【ワシントンD.C.(AP通信)】グーグル社共同創設者の1人サーゲイ・ブリン氏は6日、中国政府の検閲要請を容認し、グーグル社が中国政府に妥協したことを認めた。ブリン氏は、グーグル社が中国での経営方針を変更するかどうか決定する前に、中国政府との協定事項の見直しに取り組んでいることを発表した。
ブリン氏は米国会議事堂近くで記者団のインタビューに応じ、グーグル社は中国政府がグーグル社のサービスが国内で行われることを拒んだ後でのみ、中国政府からの検閲要請に同意したことを述べた。グーグル社のライバル会社らも同様な経緯で検閲要求を受け入れたという。ブリン氏は「私たちは自分たちの経営方針を修正することになるかもしれないと感じていますが、そのことで最終的にはより多くの情報、より効果的なサービスを提供し、今よりもさらなる違いを見せていくつもりです」と述べた。
グーグル社は米国司法省を相手に、政府がインターネット検索で得ることができるインターネットユーザーに関する情報量の制限について裁判で争ってきた。インターネットユーザーなら誰もが知るように、インターネットで最も人気のあるサービスの一つとしてグーグル社の無料電子メールサービスがあるが、グーグル社は、米国家安全保障局が正当な理由無しにインターネット通信で情報を収集することには一切関わらなかったことを言及した。
またブリン氏はワシントンD.C.を訪れ、電話、ケーブルテレビ会社らがグーグル、マイクロソフト、ヤフー社から初期手数料を徴収することをやめさせる計画を承認してもらうよう米国上院議員に要請した。こうすることでインターネット会社はより迅速なサービスを提供できるという。ブリン氏はジーンズにスニーカー、黒のスポーツジャケットというカジュアルな服装で現れ、「私が国会議員らの考えをどう変えることができるかはまったく定かではありません」とコメントした。
中国政府に承認されたグーグル社のインターネットサービスでは、たとえば1989年の天安門広場における弾圧事件の詳細など、政治的に敏感な情報が省かれている。グーグル社の行った中国政府との妥協は、人権団体らによる辛辣な非難を浴びることになった。

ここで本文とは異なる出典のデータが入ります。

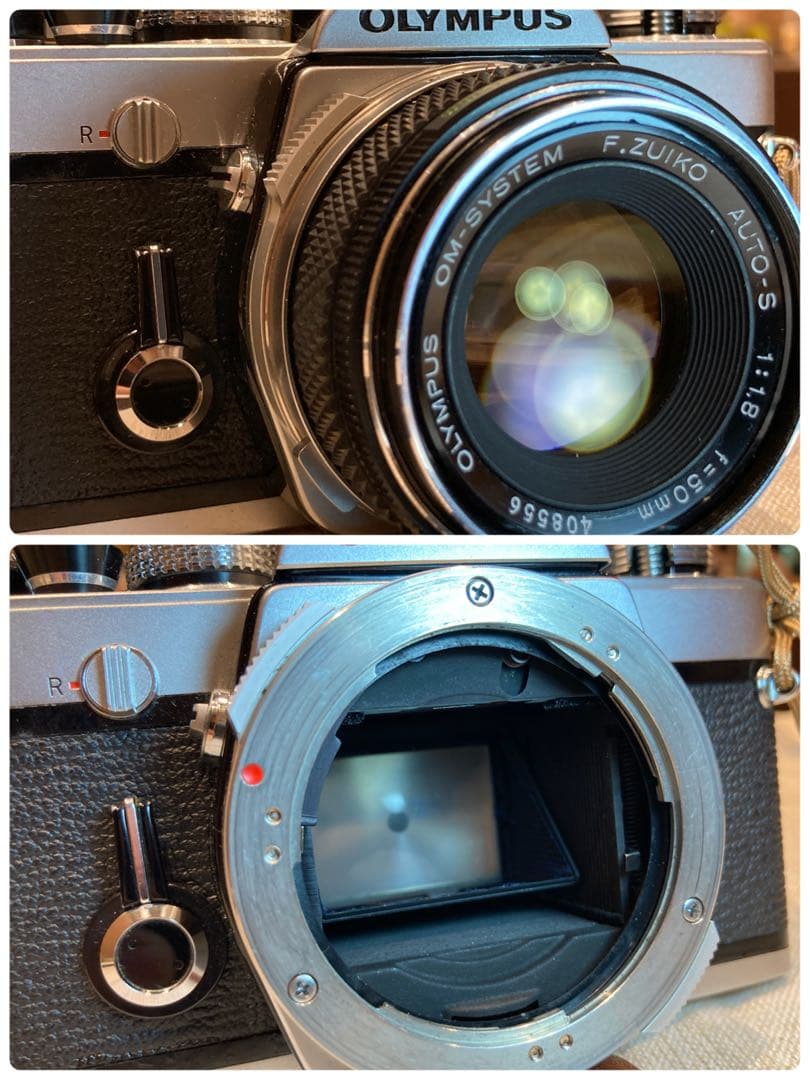 ギブリ！完動品＊初期保証！★オリンパスOM-1★フィルム入門に★作例多数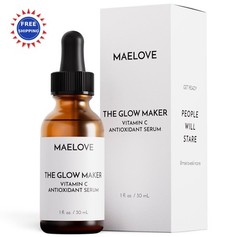 MAELOVE Glow Maker Vitamin C Serum with E Ferulic Acid & Hyaluronic Award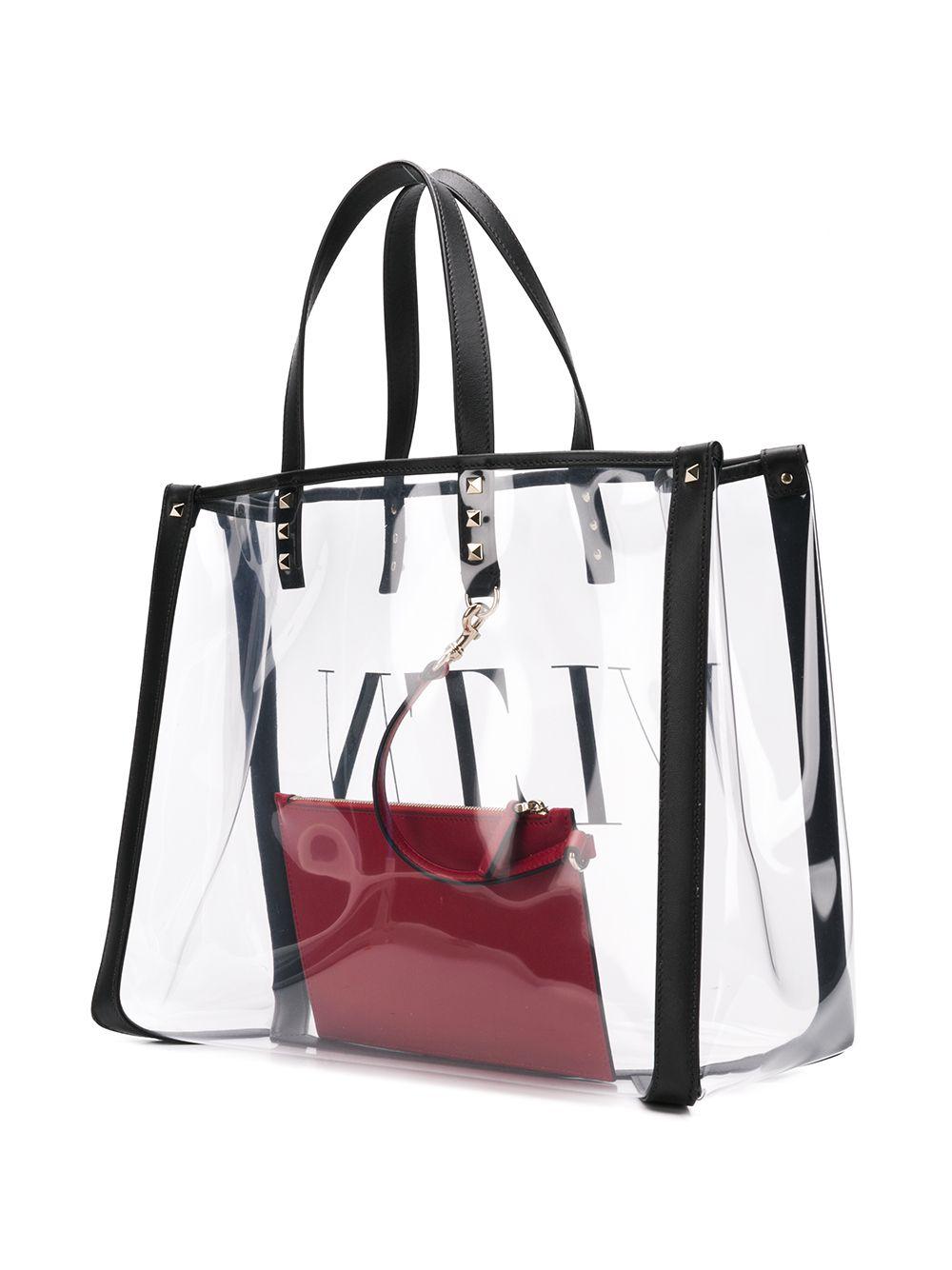 valentino grande plage tote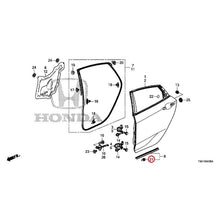 Load image into Gallery viewer, [NEW] JDM HONDA CIVIC FC1 2020 Rear Door Panel GENUINE OEM
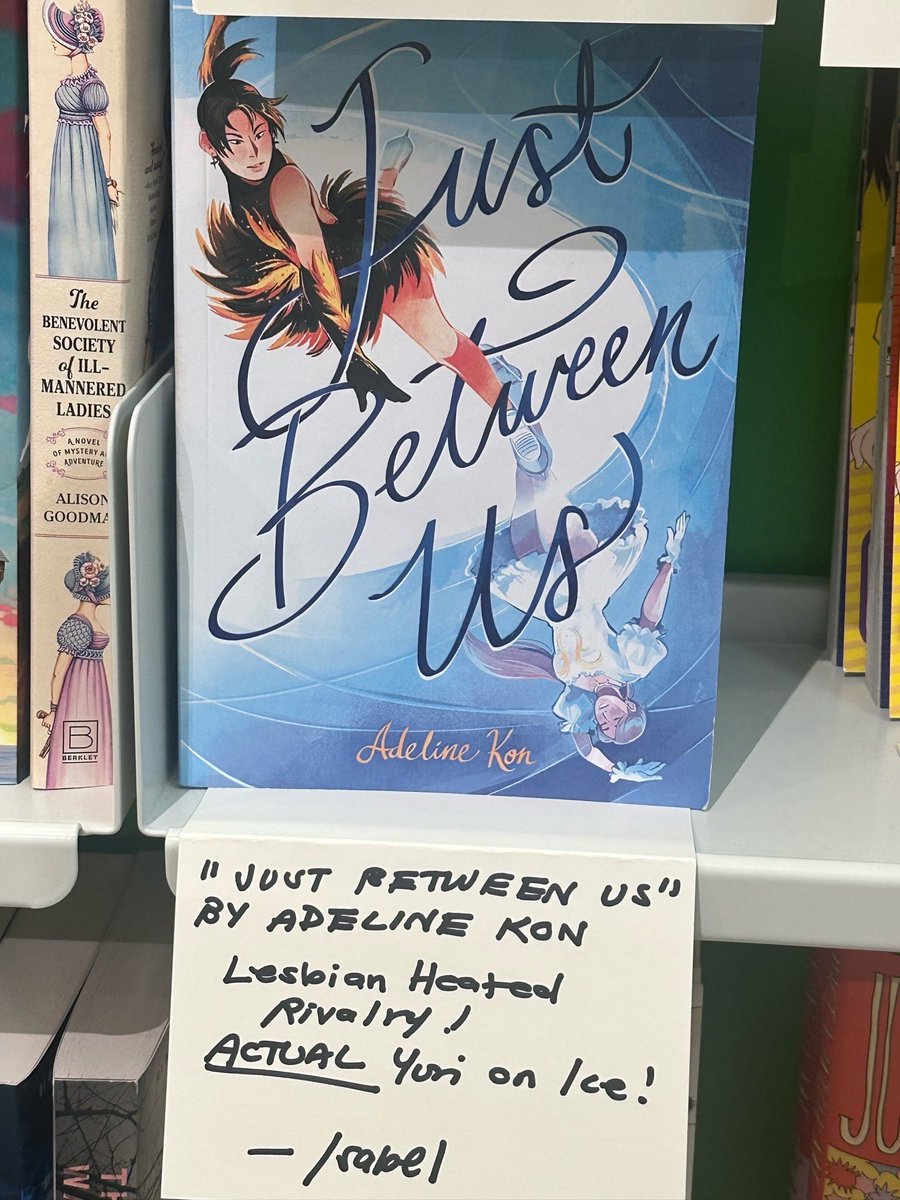 YOU CAN GRAB REAL FIGURE SKATING YURI IN BOOKSTORES NOW‼️‼️‼️ JUST BETWEEN US RELEASES TODAY😱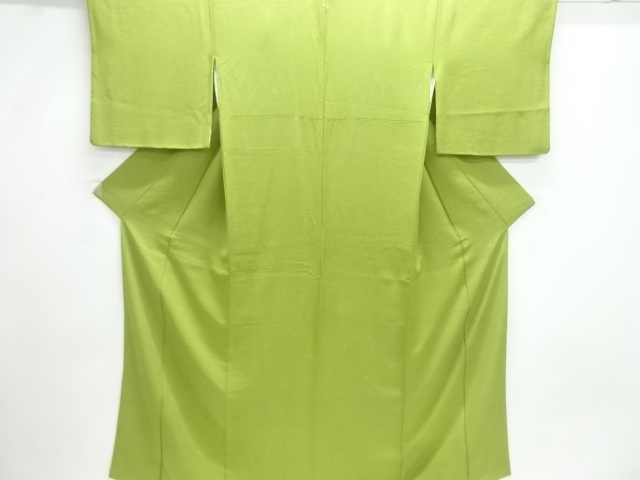 JAPANESE KIMONO / IROMUJI / WOVEN FLORAL PLANTS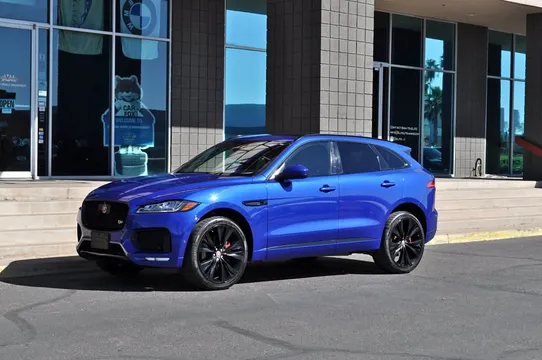 2019 Jaguar F-Pace S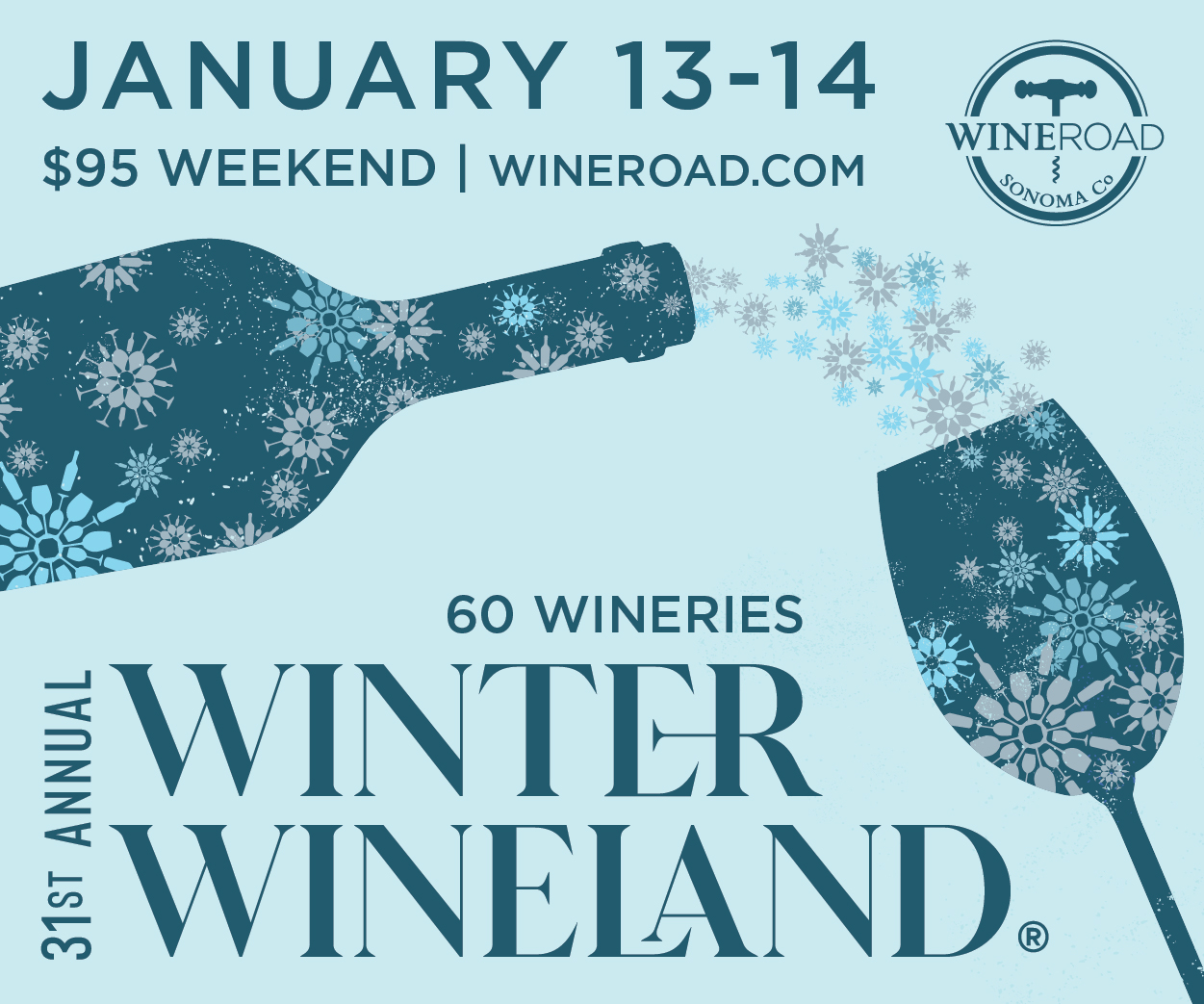 Winter WINEland – Northern Sonoma County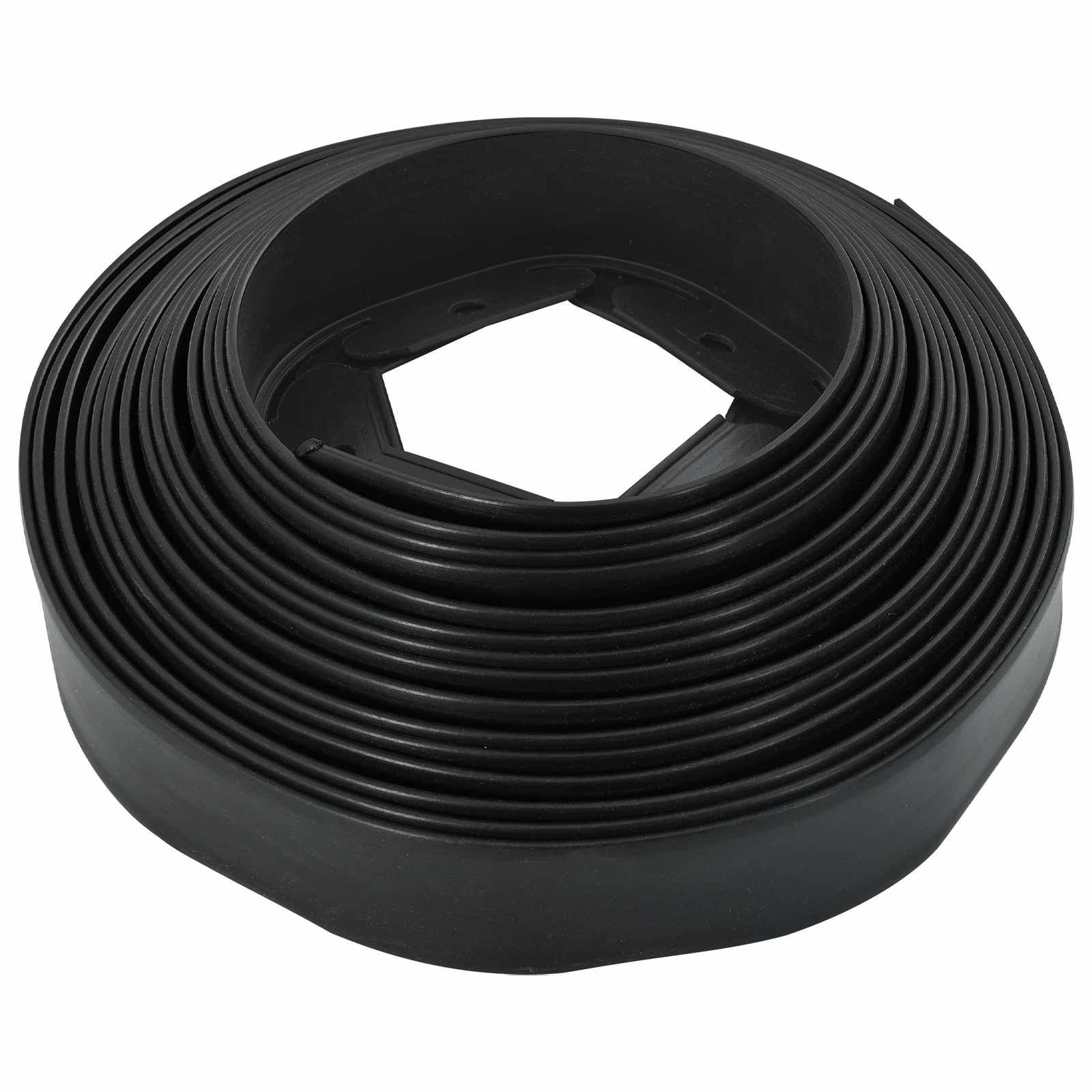 Bordure per prato Nero 3000 x 4 x 5 cm Plastica
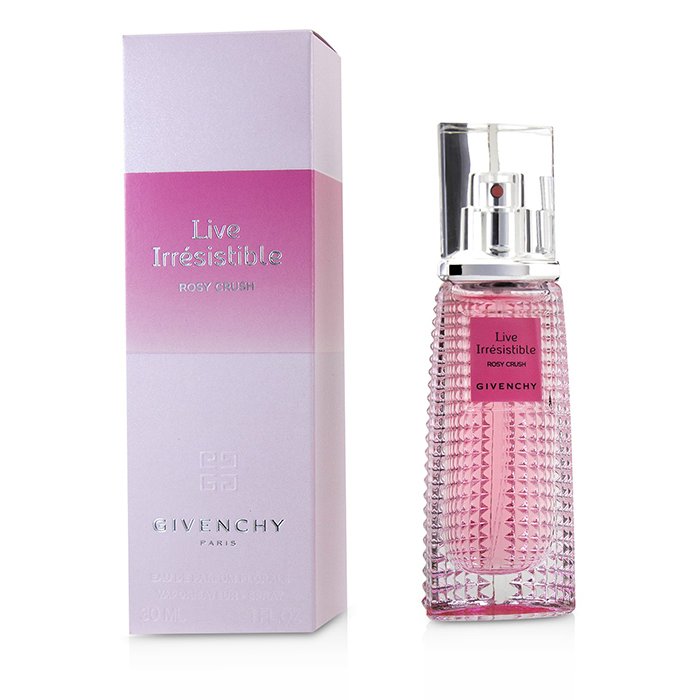 Givenchy - Live Irresistible Rosy Crush Eau De Parfum Florale Spray  30ml/1oz - Eau De Parfum | Free Worldwide Shipping | Strawberrynet VN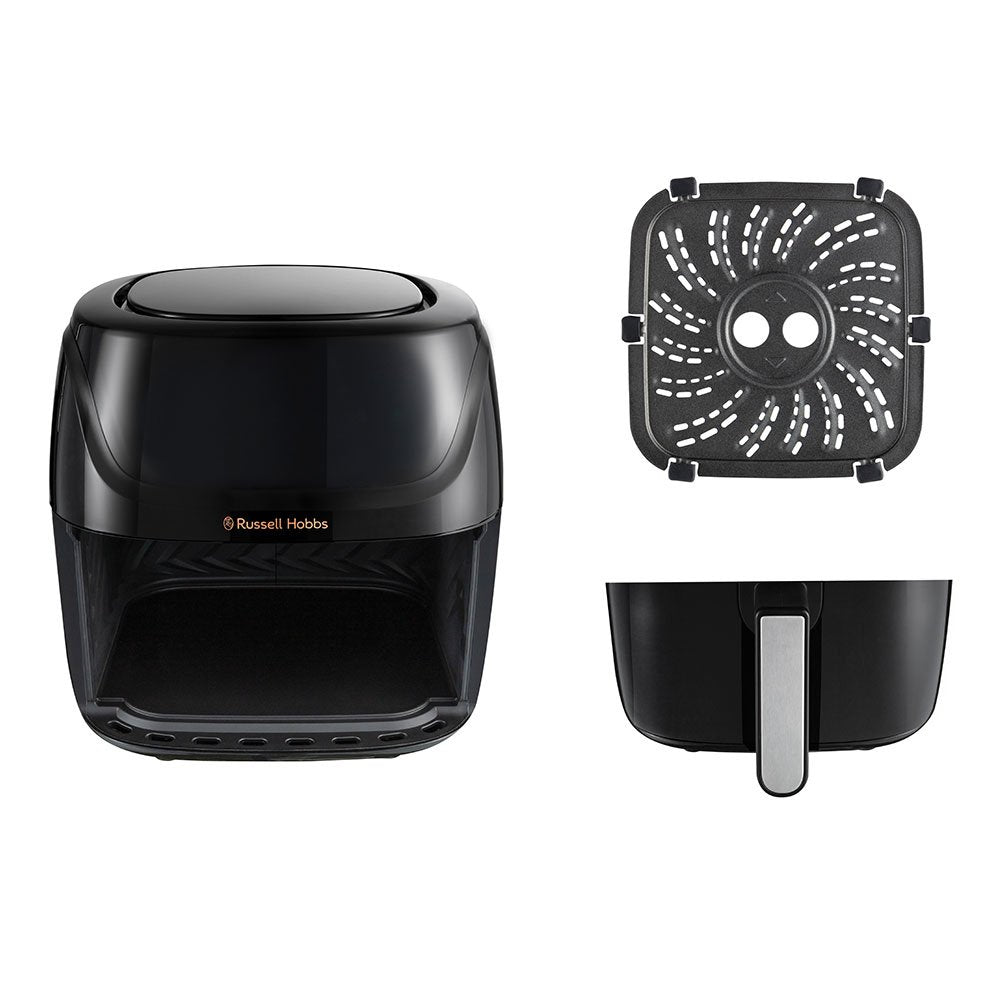 EAN 5038061147421 - Russell Hobbs Satisfry Sencillo 4 L 1350 W Freidora de aire caliente Negro imagen 7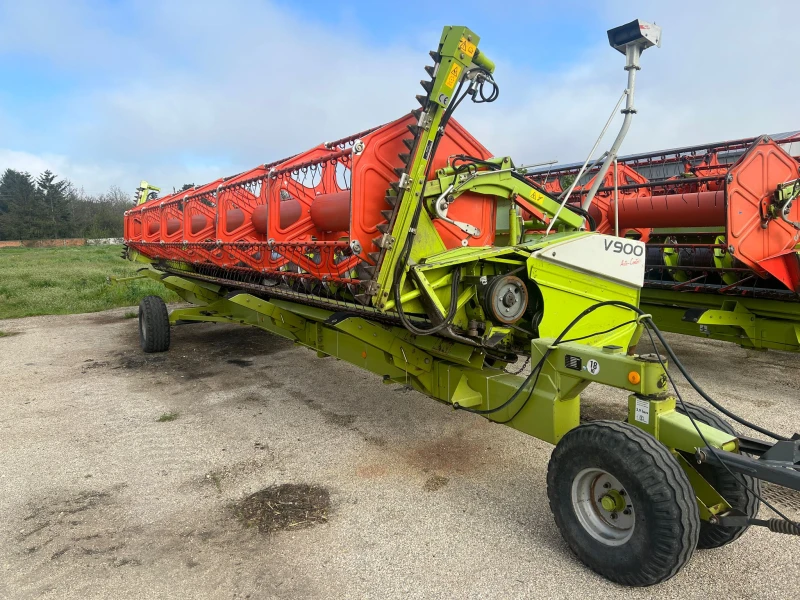 Комбайн Claas  LEXION 580, снимка 7 - Селскостопанска техника - 52453184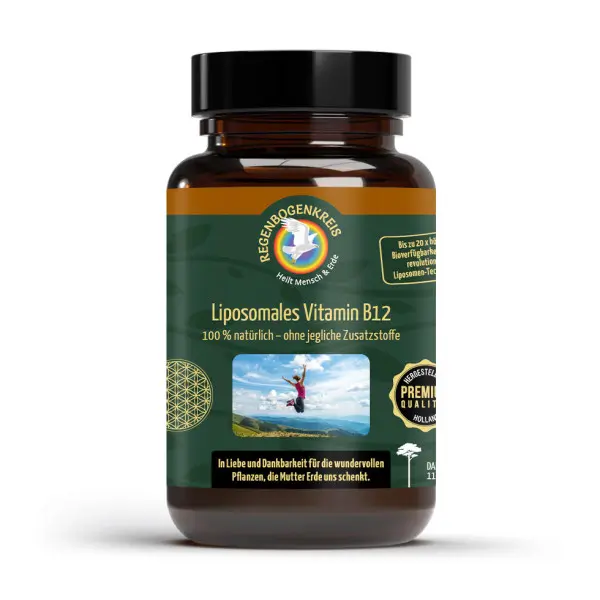 Premium liposomales Vitamin B12, 60 Kapseln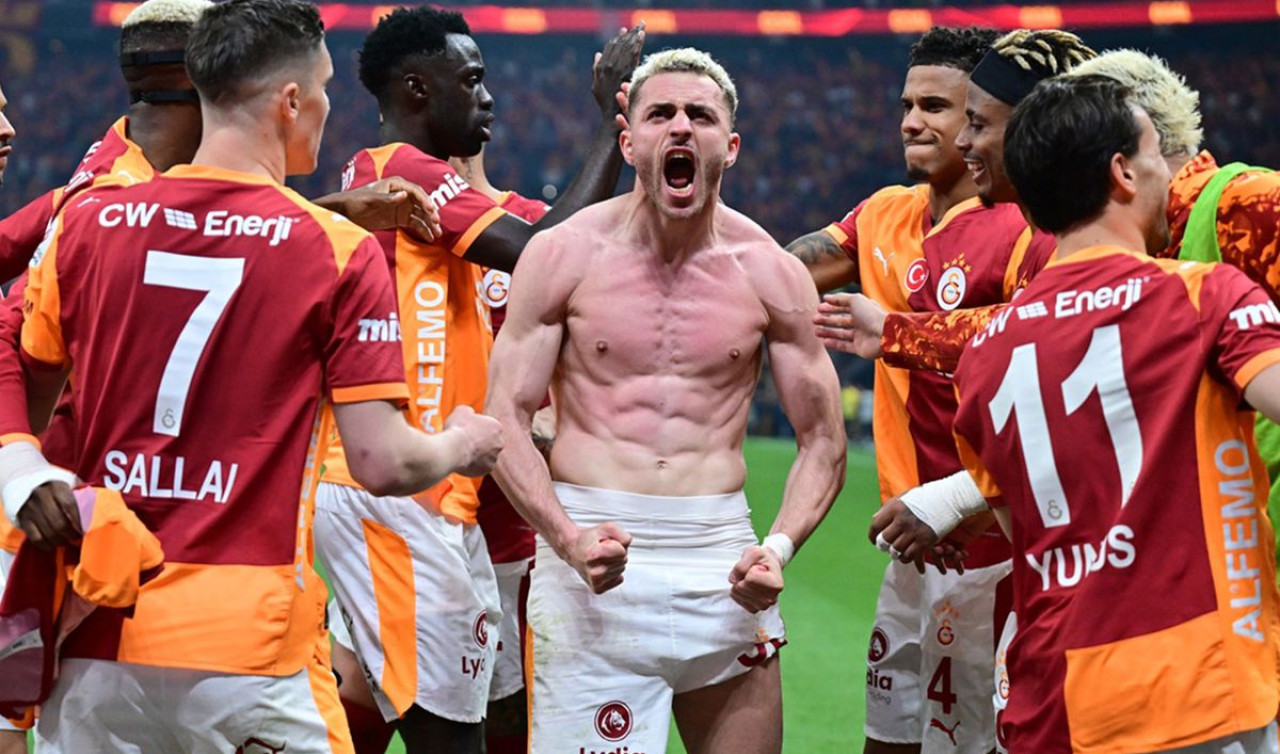 Galatasaray - Fenerbahçe Maçı Kaç Kaç Bitti? GS FB Derbi Özeti ve Golleri Özet İzle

パリに拠点を置く「国境なき記者団」は6日、ほとんどの中国の省でアクセス不可能になっていたグーグル社ホームページ"http://www.google.com"が、5月31日をもって中国全土で完全にアクセス不可能になったことを報告した。
グーグル社は、中国での経営方針を変更する前に、"Google.cn"検閲付検索サービスの内容を修正しようとしている。ブリン氏は「『見て、グーグル社は私たちの使命を守って検閲自体には反対しています。私たちが実際に検閲をしようとしているのではありません。』ということもまた理にかなっています。検閲サービスは私たちの意向で行ったものではありません」と説明した。